The HR director tells the CEO: "This is all your fault! You steered the ship!"

The CEO retorts: "Wrong! This is HR's fault. You were in charge of the crew!"

The new hire shouts: "You're both at fault! You steered, but you charted the course!"

After desperately casting a memo in a bottle to the tides, all three were eaten by sharks.

The message read: "Worst company retreat ever!"

———

Laughing matters • Humor is as much the stuff of business as it is of life.

Yes, the bottom line is serious. But whether it's daily quips between colleagues in the hallway, ice-breaking meeting openers or the office cutup's water-cooler monologue, such mirth is a basic ingredient to succeeding in the business world.

"You see this in all sorts of workplaces in every profession you can imagine," said Michael Kerr, a scholar and motivational speaker based in Canada who wrote "The Humor Advantage: Why Some Businesses Are Laughing All the Way to the Bank."

"Humor is both a driver of success," the author said, "but it also reflects success."

And that goes far beyond just telling jokes.

"A sense of humor is a sense of balance and proportionality in our lives," Kerr said. "It's about finding the funny in your day-to-day work, about laughing at things you have no control over and laughing at yourself more."

For employees, humor can make work friendlier, unwind tension, project confidence and contribute to career advancement.

From a corner-office perspective, creating a lighthearted environment is known to boost productivity and bond workers. It brings out more creativity and reduces sick leave. A recent study found that a majority of employees would accept less pay in exchange for having more fun on the job.

But levity almost always has an edge to it, and not everyone is comfortable cutting jokes at work, particularly in the conservative Beehive State.

"Utah's culture tends to be a little stiffer than it is in other places," said Lane Beattie, president and CEO of the Salt Lake Chamber.

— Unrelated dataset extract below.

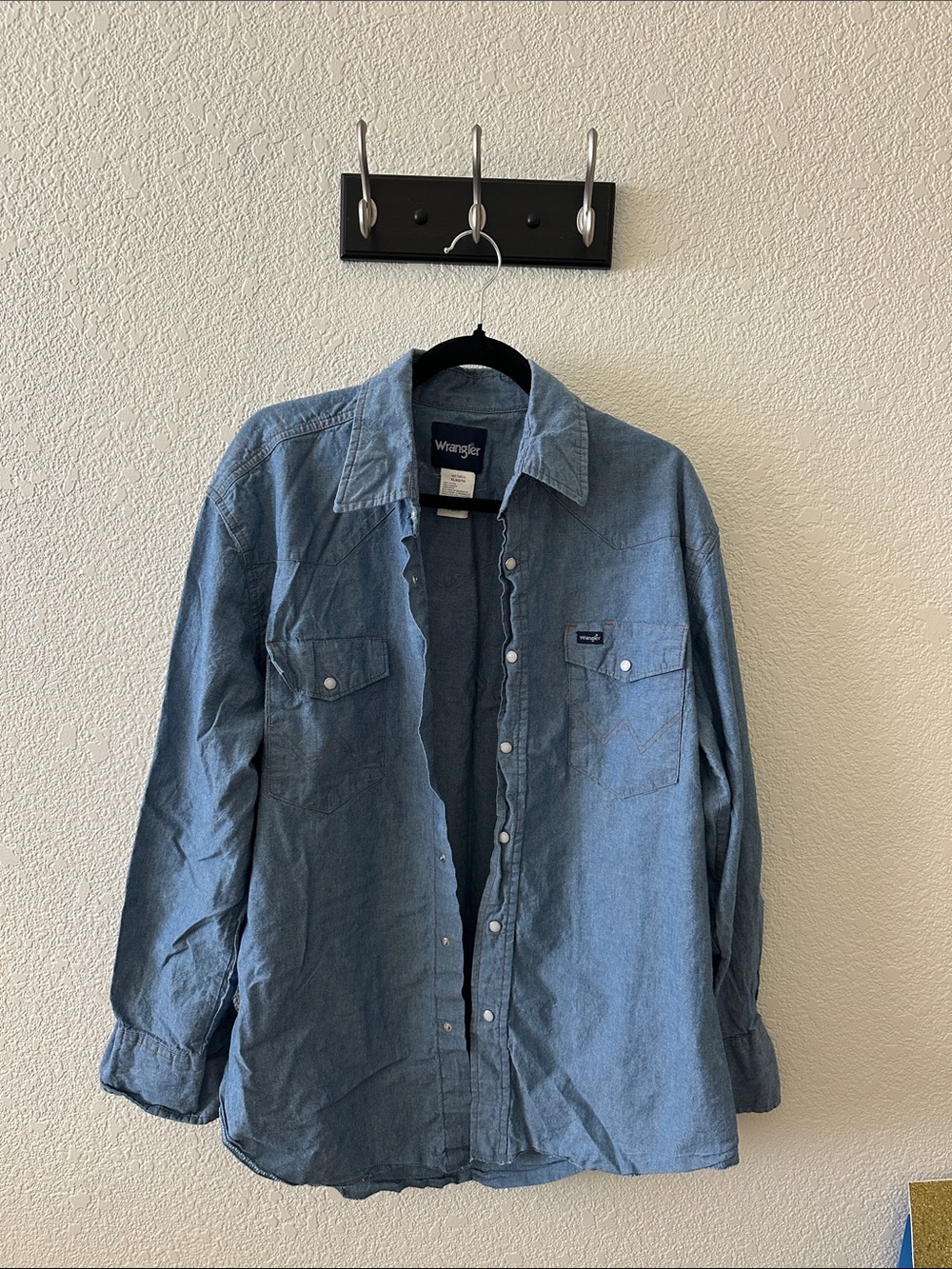 Wrangler Light Blue Denim Western Shirt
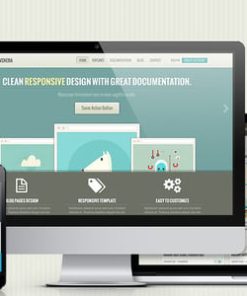 Venera - Responsive HTML Template - Retro colors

"You may also be working in an industry that is very stress oriented," Beattie said. "But it is probably even more important in those areas to find time to break with the mundane to a point where people can laugh."

So, what can be learned about humor in Utah workplaces where employees say they are happiest?

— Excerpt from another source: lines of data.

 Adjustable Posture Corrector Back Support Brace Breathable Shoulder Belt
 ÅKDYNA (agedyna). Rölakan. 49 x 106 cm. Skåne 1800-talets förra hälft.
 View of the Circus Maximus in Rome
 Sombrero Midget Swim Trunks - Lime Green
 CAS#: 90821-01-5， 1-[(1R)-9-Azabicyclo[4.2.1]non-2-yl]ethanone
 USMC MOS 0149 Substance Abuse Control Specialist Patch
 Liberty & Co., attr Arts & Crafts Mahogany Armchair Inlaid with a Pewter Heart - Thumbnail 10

A great deal, it turns out.

It pays to play • Humor plays a vital and often nuanced role in how business is done at many of the 65 Utah job sites ranked highly by their employees for workplace satisfaction in recent surveys by Pennsylvania-based WorkplaceDynamics.

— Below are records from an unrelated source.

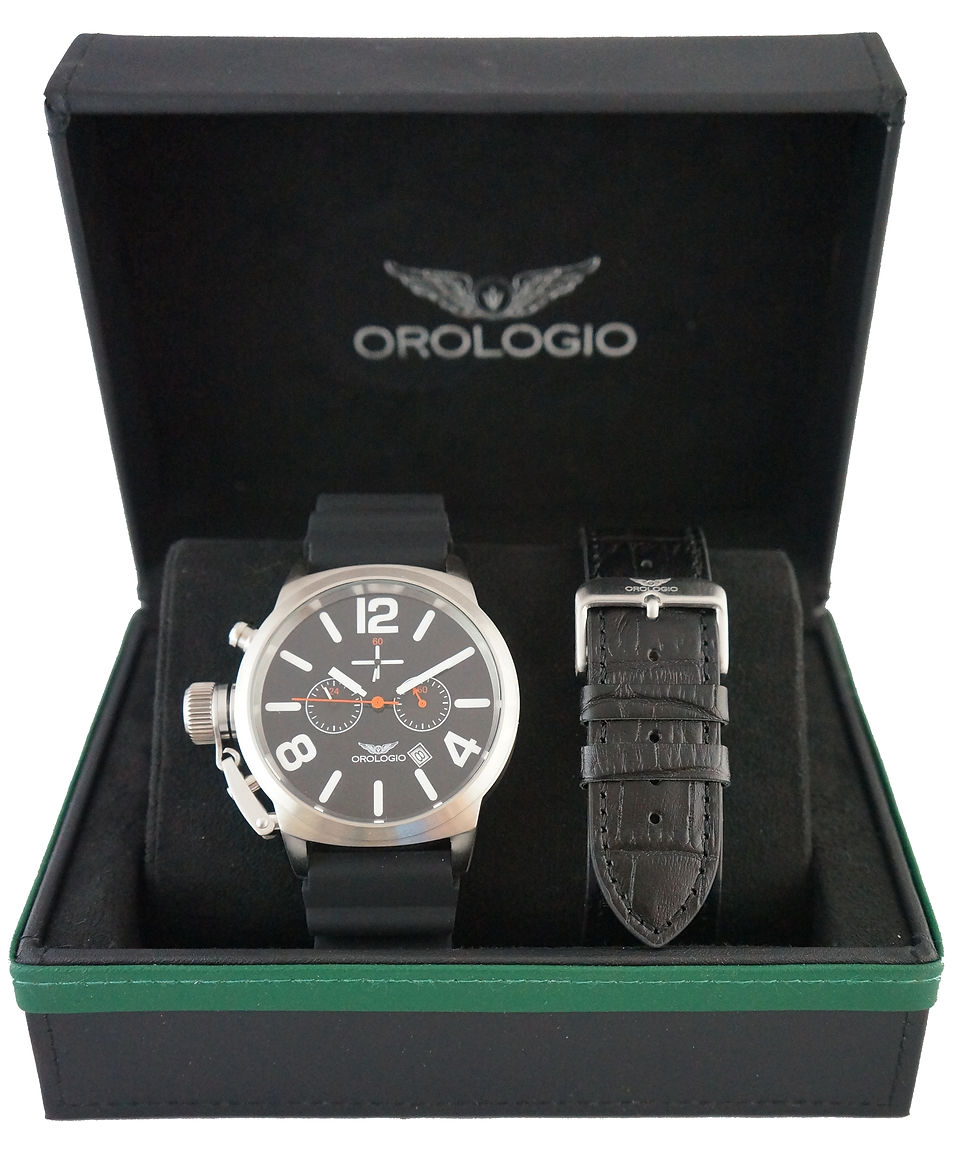 Thumbnail: Monaco Racing Series Men’s Chronograph Watch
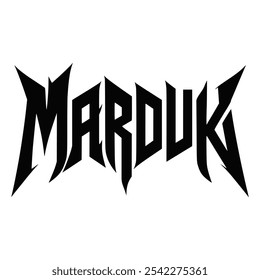 marduk black metal fashion t shirt sticker music vector illustration template design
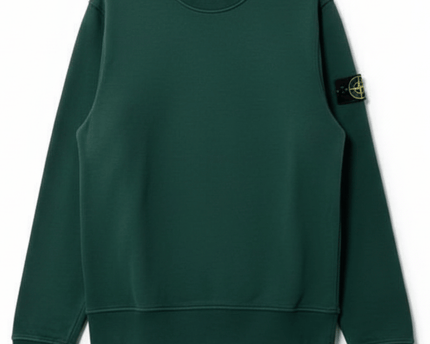 Stone Island Dark Green Crewneck Sweatshirt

Workers at these firms frequently lauded the comic and enjoyable aspects of their jobs as major contributers to their overall satisfaction.

The word "fun" came up repeatedly, part of a larger pattern of employees placing greater importance on intangibles such as respect, feeling appreciated, work-life balance and a sense of meaning than on the heft of their paychecks.

These perceptions proved true at companies large and small — and from job sectors as diverse as accounting, food preparation, insurance, real estate, software development, sales, health care, event hosting, library services and teaching.

"We are always laughing," said an employee at Discover Financial Services, an Illinois-based banking and payment-services firm with offices in West Valley City.

"I enjoy working with people who are all driven to the same result and have fun getting there," a staffer told pollsters in praising his employer, Orbit Irrigation, an irrigation- and misting-equipment manufacturer in North Salt Lake.

In interviews with The Salt Lake Tribune, top managers reported significant business benefits — including improved communication, staff cohesion and resilience — from infusing humor and play into their personnel approach.

"We always encourage people to have playtime with those who are peers to humanize the workplace environment and feel like we can have fun with one another," said Nate Gardner, executive vice president of client services at MX Technologies, a financial-tech firm in Lehi.

"That makes the hard times even more enjoyable," Gardner added, "because you realize you're working with someone you trust, that you like and someone who is a human being like you."

At Ace Recycling & Disposal, Utah's largest independent waste-hauling operation, the laughs, fun and social connections made at regular parties — with family members included — not only build loyalty, but also help workers at the West Valley City company share their burdens as they power through some of the job's toughest challenges, said human resources executive Steve Richards.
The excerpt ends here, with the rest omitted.